* _Task_:
Exactly reproduce the lines from the line bearing "Nike Unisex Kyrie Flytrap V" through the end of the listing, inclusive of both; pictures are to be omitted.

* _Stored data_:
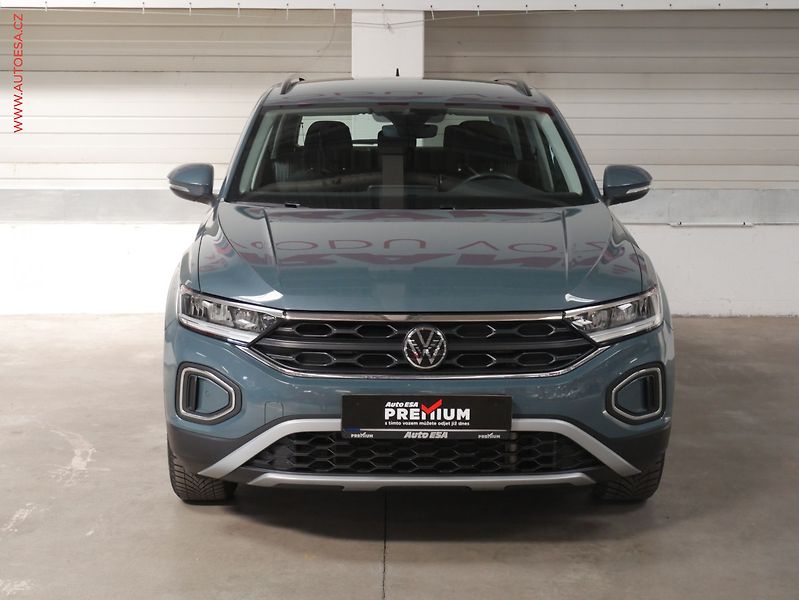 Volkswagen T-Roc (2023) 1.5TSi, 2.maj,ČR, Life, LED - fotka 2 z 25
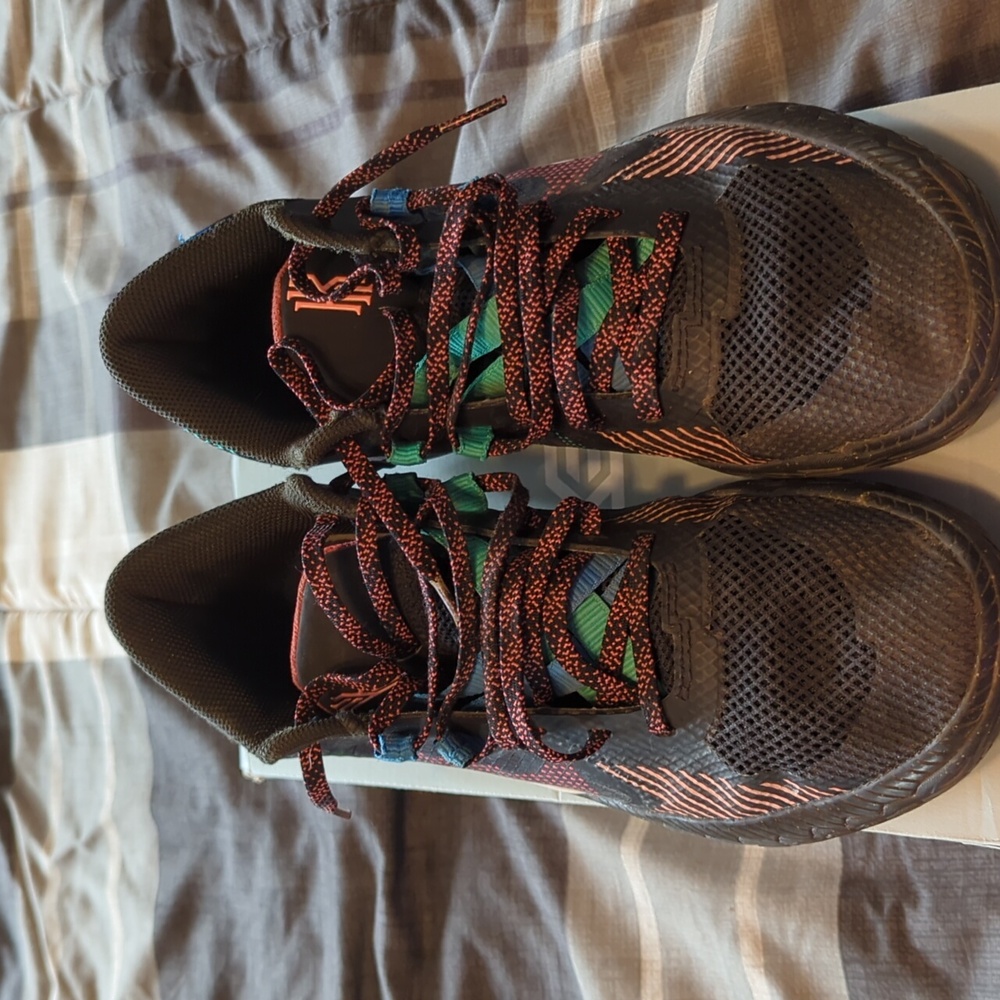 Nike Unisex Kyrie Flytrap V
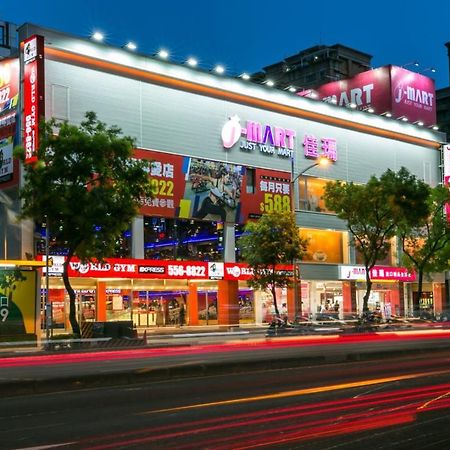 Long Siang Hotel Kaohsiung Bagian luar foto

* _Final answer_:
 Nike Unisex Kyrie Flytrap V
 Long Siang Hotel Kaohsiung Bagian luar foto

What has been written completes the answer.